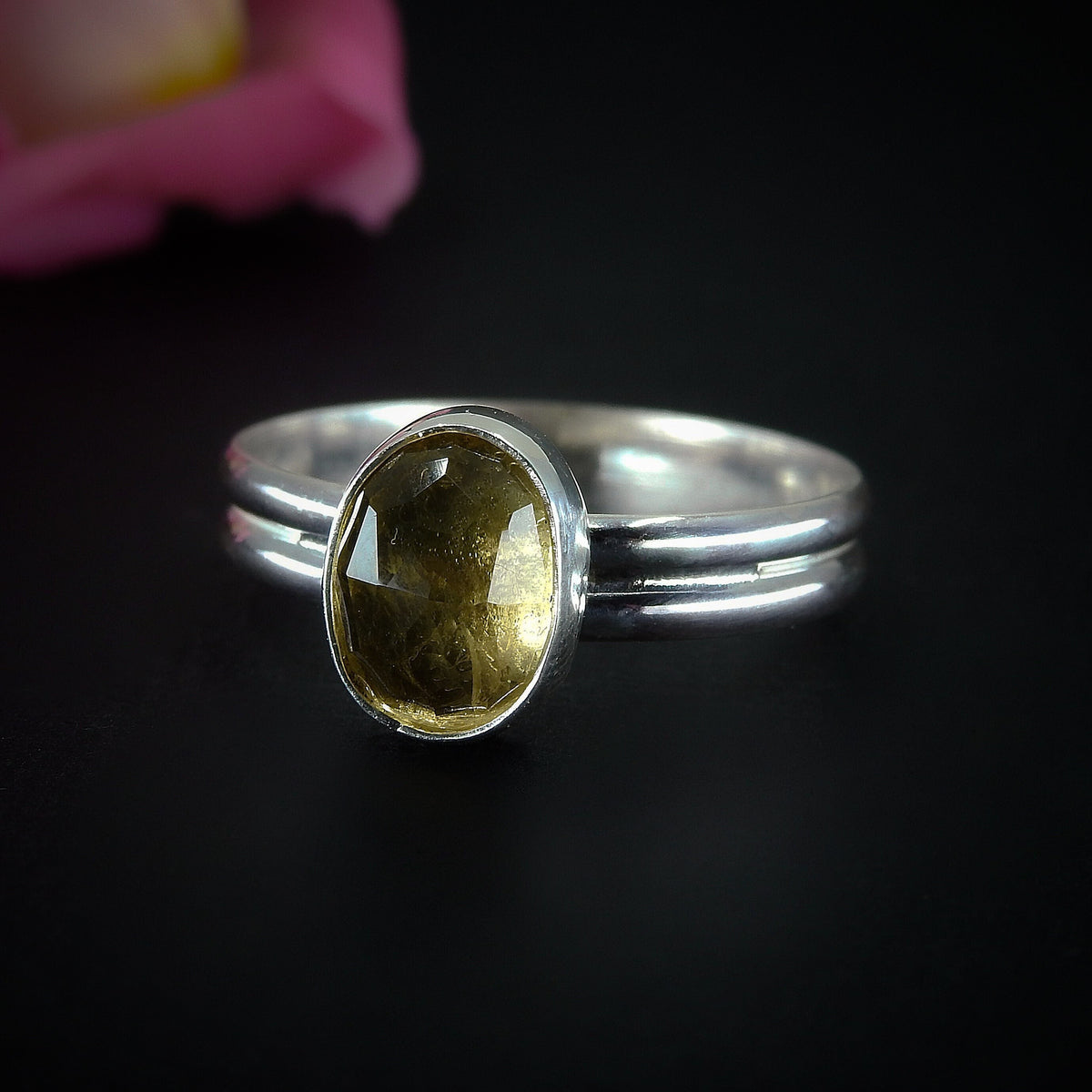 Citrine Ring - Size 11 1/4 to 11 1/2 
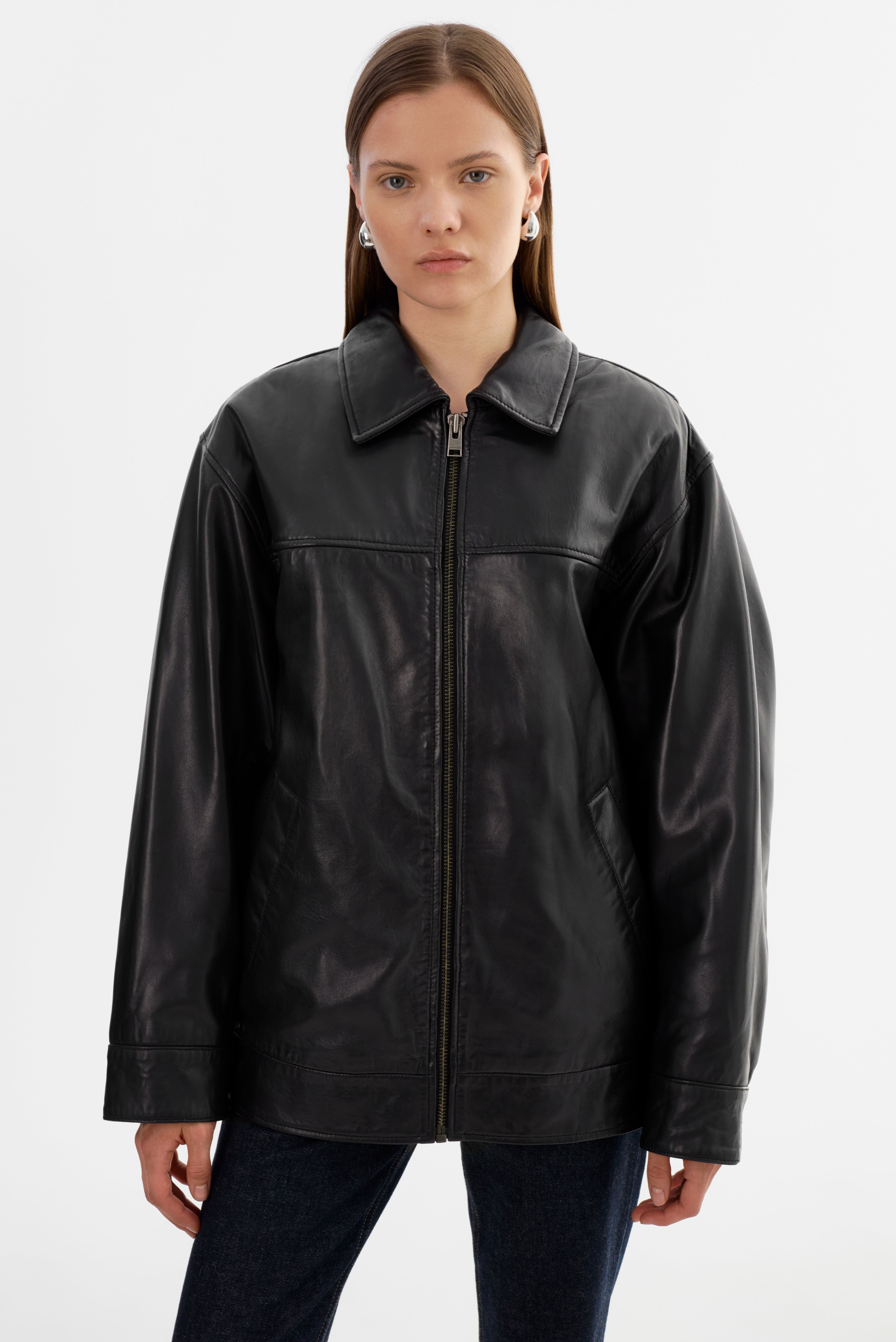 THEIA | Manteau aviateur en cuir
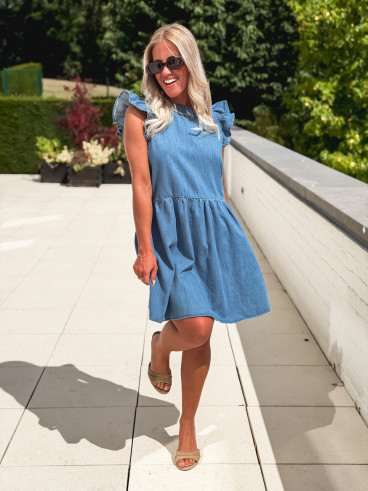 Robe courte Dolorés - Bleu Robe courte Dolorés - Bleu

▶ [Task brief]:
The required output is the listing above reproduced exactly, pictures removed.

▶ [Exercise output]:
 Citrine Ring - Size 11 1/4 to 11 1/2 
 THEIA | Manteau aviateur en cuir
 Robe courte Dolorés - Bleu Robe courte Dolorés - Bleu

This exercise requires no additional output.